North Korea could cripple the United States by blowing up satellites, military expert claims

June 10, 2017
| Report Focus News

NORTH Korea could be secretly building nukes that could explode in the sky and emit pulses that could down airliners and knockout electricity and communications.  

The explosive claim has been made by at top defence expert who believes the high-altitude weapon could inflict “catastrophic” damage.

Ex-Director of the US Strategic Defence initiative Henry F Cooper said a nuclear bomb could be detonated 40 miles up in the sky and hundreds of miles from the intended target.

It is feared a recent North Korean missile test that appeared to fail by exploding mid-air was actually a trial run for the air-burst nuke.

A electromagnetic pulse (EMP) would then be emitted from the nuclear explosion, wreaking havoc on the ground, in the air and even in space.

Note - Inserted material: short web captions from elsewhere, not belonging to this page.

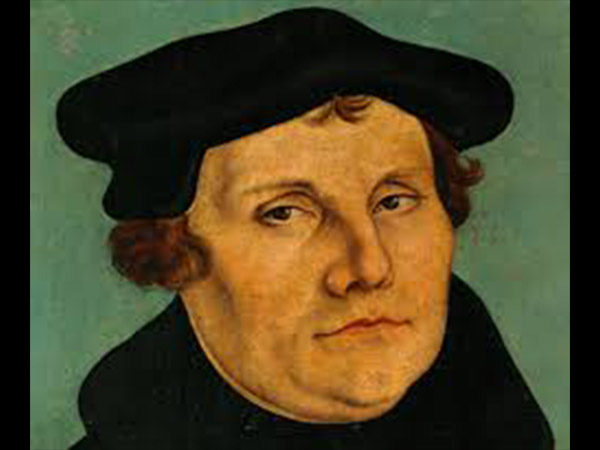 4. మార్టిన్ ఇంగ్లాండ్ నుంచి వచ్చారు. 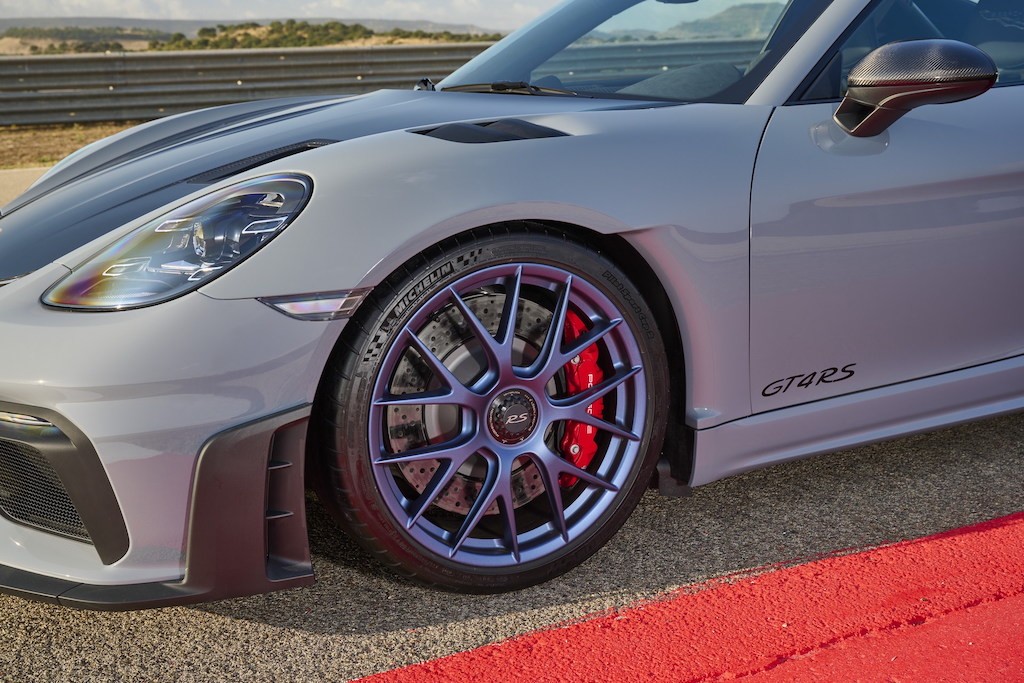 Porsche 718 GT4 RS chính thức “trình làng“: Là 911 GT3 RS nhưng động cơ đặt sai chỗ! ảnh 3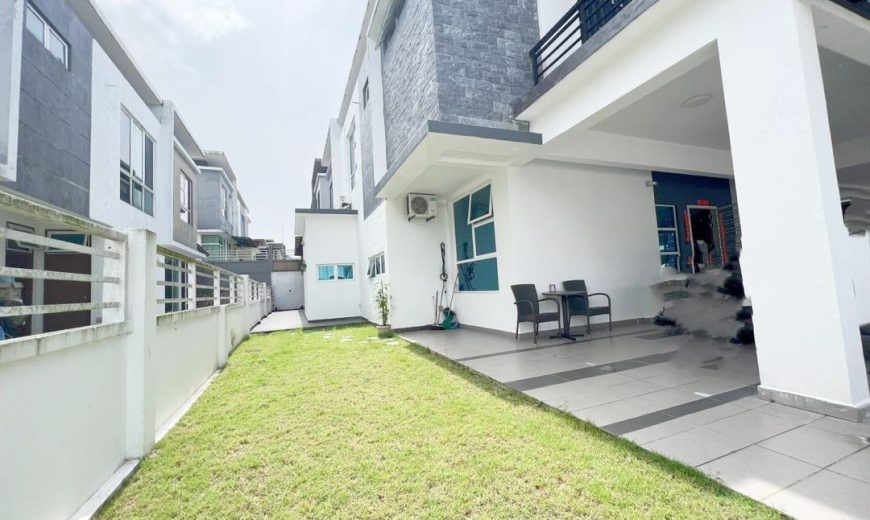 Austin Heights – 2 Storey Semi Detached – FOR SALE Austin Heights – 2 Storey Semi Detached – FOR SALE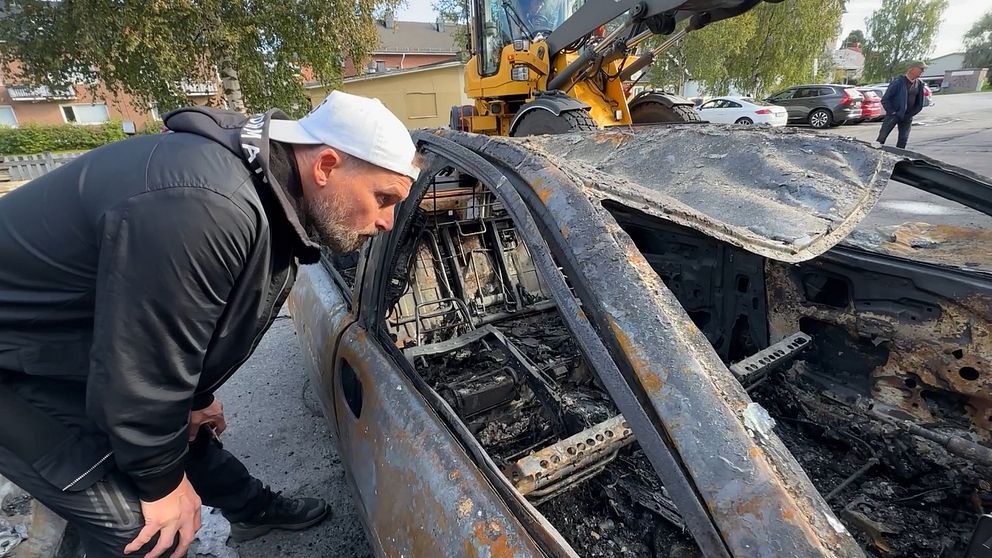 Bil totalförstörd efter brand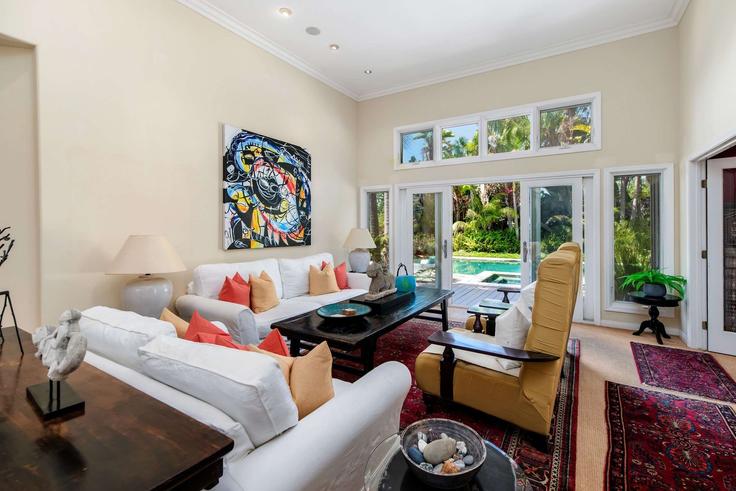Sala de estar elegantemente projetada com móveis modernos em um apartamento no Building Vallecitos - volans-realty-group - 1639980 em San Diego, San Diego Sala de estar elegantemente projetada com móveis modernos em um apartamento no Building Vallecitos - volans-realty-group - 1639980 em San Diego, San Diego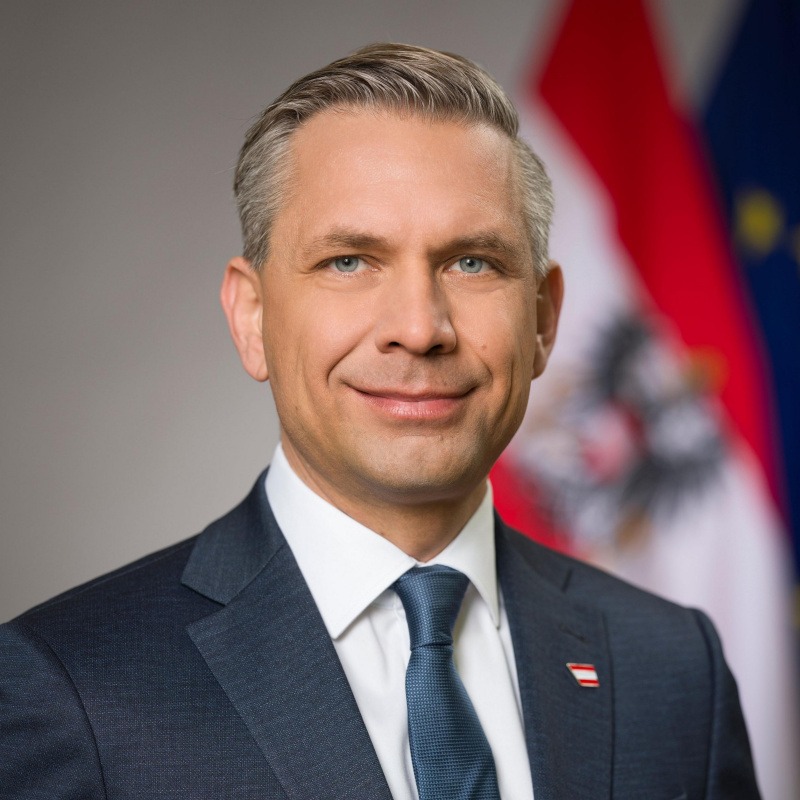 Wolfgang Hattmannsdorfer // floomagazin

Writing in a report, Mr Cooper said: “Detonation at that altitude of a nuclear warhead with a yield of 10 to 20 kilotons—similar to those tested by North Korea—would produce major EMP effects and inflict catastrophic damage to unhardened electronics across hundreds of miles of surface territory.

kim jong un | Report Focus News

“It is a myth that large yield nuclear weapons of hundreds of kilotons are required to produce such effects.”

He pointed to the time in 1962 when the US detonated nuclear warhead 900 miles southwest of Hawaii.

The high-altitude nuke “destroyed hundreds of street lights in Honolulu, caused electrical surges on air-planes in the area and damaged at least six satellites”

Russian generals reported back in 2004 that North Korea has in its possession the designs for these so-called “super EMP nuclear weapons,” Mr Cooper says.

While nuclear warlord wannabe Kim Jong-un is far from launching a viable EMP attack on the US or South Korea, an air-burst EMP may be a more realistic option for Pyongyang.

This is because there is little need for accuracy.